The apartments are being built directly adjacent to the baseball fields above Hunt Union, providing the feeling of being off campus in your own apartment while maintaining the luxury and convenience of being close to classes. Despite its location, Hillside Commons is unaffiliated with the school. The company will offer many different options for room styles, including singles, doubles and triples, with all of the layouts and starting prices listed online.

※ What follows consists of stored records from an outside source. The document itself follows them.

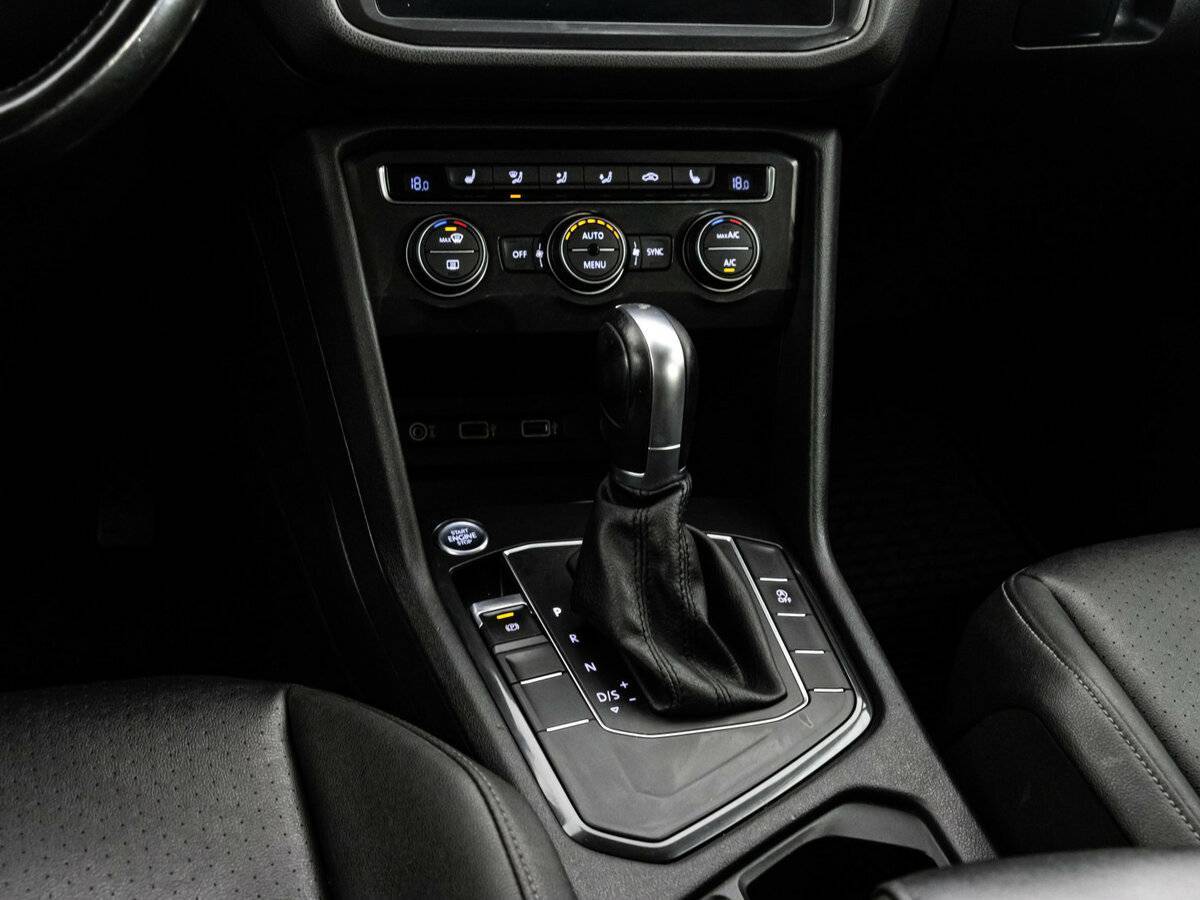 Volkswagen Tiguan б/у, 2017, Автоматическая. Фото: #13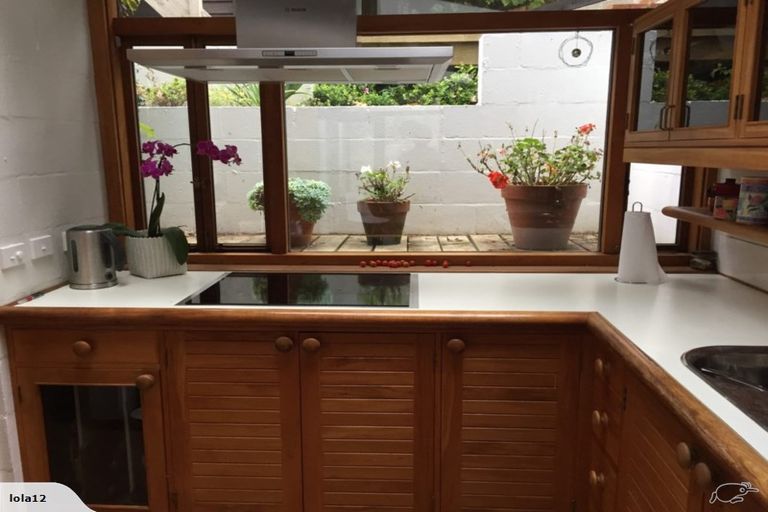 Photo of property in 86 Blue Mountains Road, Pinehaven, Upper Hutt, 5019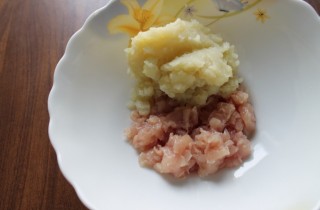 Куриные котлеты с картофельным пюре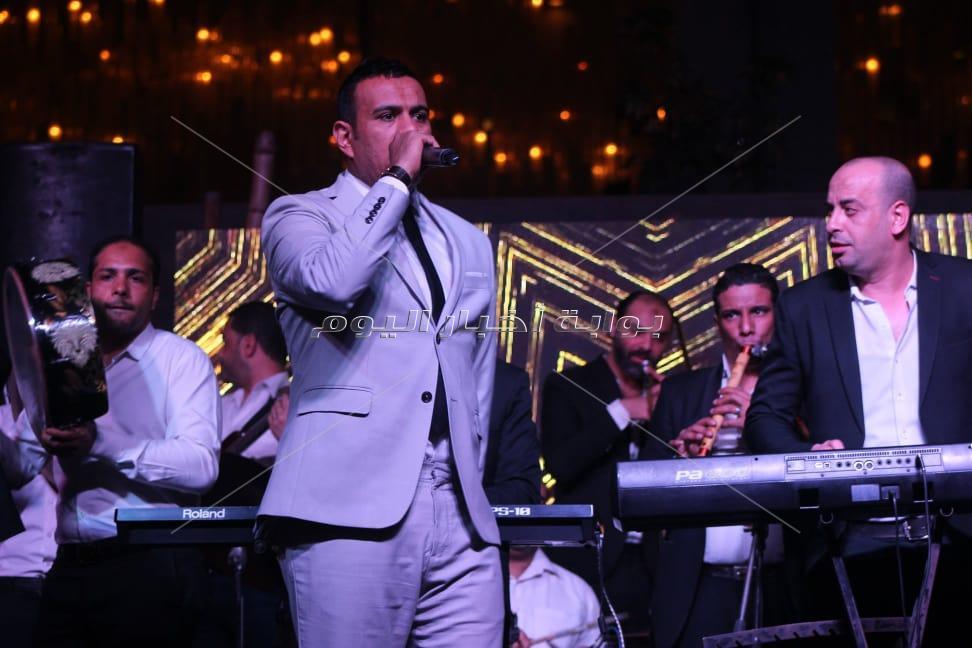 محمود الليثي يُشعل حفل خيمة «ليالي الخديوي»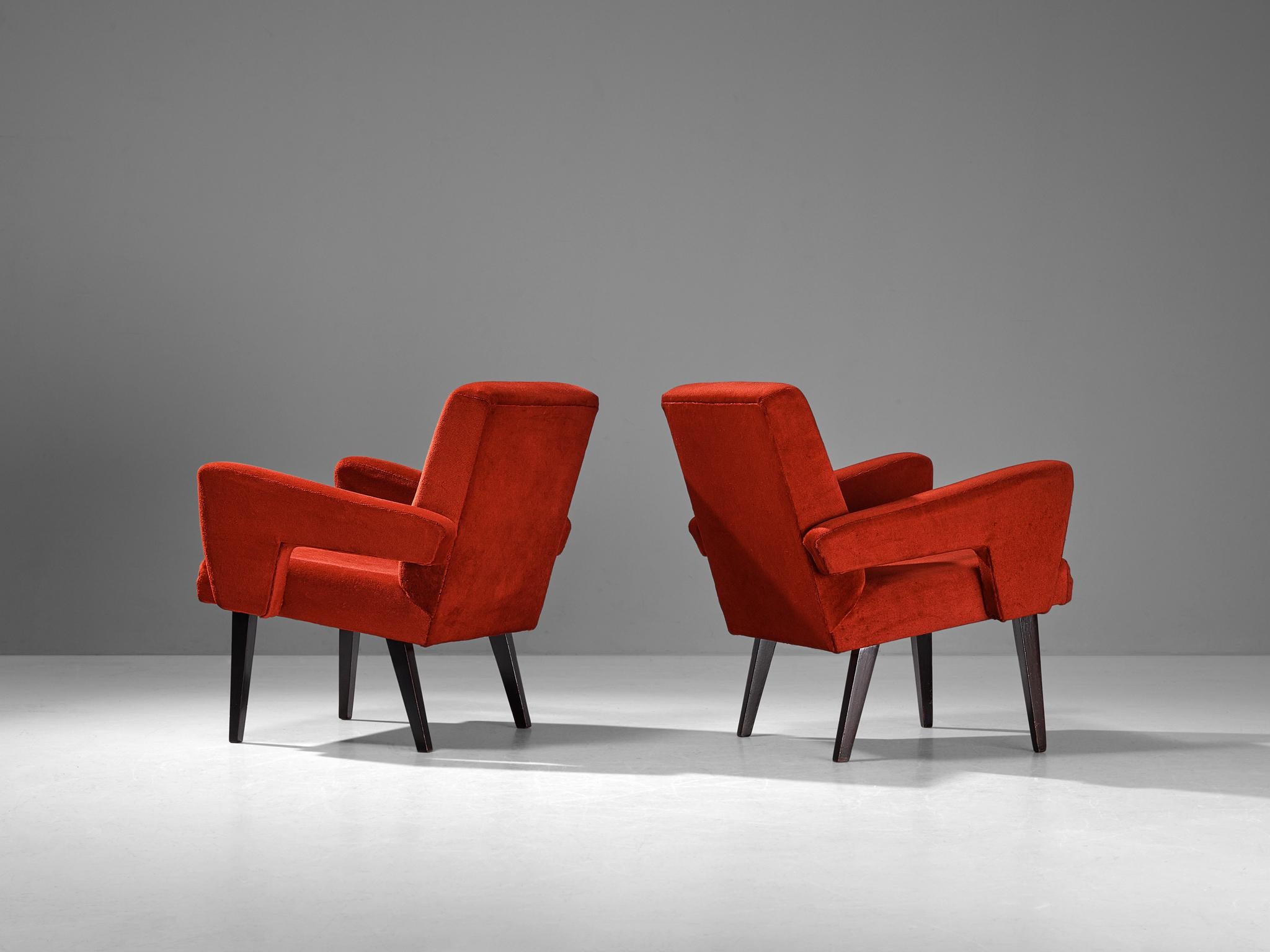 Mid-Century Pair of Armchairs in Red Velvet Upholstery For Sale 2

Available to juniors and seniors, the apartments will offer the “ultimate choice for off-campus living” with rooms of all different sizes, and perks such as a cafe, computer lab, tanning beds and a gym. But for many students the best perk of all is the complex’s location. Paige Warsak, a freshman at Oneonta, thinks the Hillside apartments are the perfect balance between on and off campus living, saying, “You can easily do on campus activities without worrying about traffic or getting a bus, but you can still have that freedom of living in your own space.” On weekends the Commons will also offer a shuttle to downtown Oneonta directly from the complex.
In a statement about their company, Hillside Commons said, “We are so excited for the grand opening this August. Hillside Commons is a state-of-the-art all-inclusive student only apartment, built with student success in mind.”

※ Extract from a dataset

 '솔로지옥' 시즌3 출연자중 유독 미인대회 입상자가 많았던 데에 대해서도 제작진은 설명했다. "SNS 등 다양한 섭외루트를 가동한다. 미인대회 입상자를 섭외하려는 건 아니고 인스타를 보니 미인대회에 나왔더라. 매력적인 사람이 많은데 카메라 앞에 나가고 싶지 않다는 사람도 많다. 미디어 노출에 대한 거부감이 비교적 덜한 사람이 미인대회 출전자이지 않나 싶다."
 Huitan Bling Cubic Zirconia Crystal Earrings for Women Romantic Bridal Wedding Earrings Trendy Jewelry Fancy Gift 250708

Hillside Commons will be the most costly housing option for students, with the cheapest double room starting at $805 a month. This totals around $8,000 from mid-August to mid-May, about $1,500 dollars more than the average on-campus double for the year, all before factoring in any additional expenses such as furniture. Another problem with the cost of living off campus, as some students are concerned, is that FAFSA or other aid programs, including EOP, don’t cover the high costs. “It’s way too much, and then I’ll have to deal with buying food, transportation and everything else the school provides now through aid money,” says Diamond Loran, a freshman at Oneonta.
Hillside Commons’ price ranges follow SUNY Oneonta’s trend of higher living expenses than surrounding schools. Oneonta housing for students is becoming more and more costly, with a standard per semester price now around $2,000-$2,500. Yet a student rental for SUNY Delhi costs between $1,500-$2,000, with Binghamton being lower than that.
SUNY Oneonta requires most students to stay on campus for two years before moving off, as opposed to most schools, which only require one. In order to combat the move off campus brought on by the Hillside Commons and other alternative living arrangements, SUNY Oneonta plans to possibly lower the quad, suite and apartment style room rates to encourage juniors and seniors to stay on campus, according to the 2012-2013 Annual Finance and Administration Report.
Despite these adjustments from the college, off-campus living is as popular as ever. Senior Pat Salvatore says of living off campus, “It’s great because you’re able to have your own freedom and live independently.”
Many rooms offered by the Hillside Commons are already sold out for next fall, proving many believe living in the Commons next year is a worthy investment.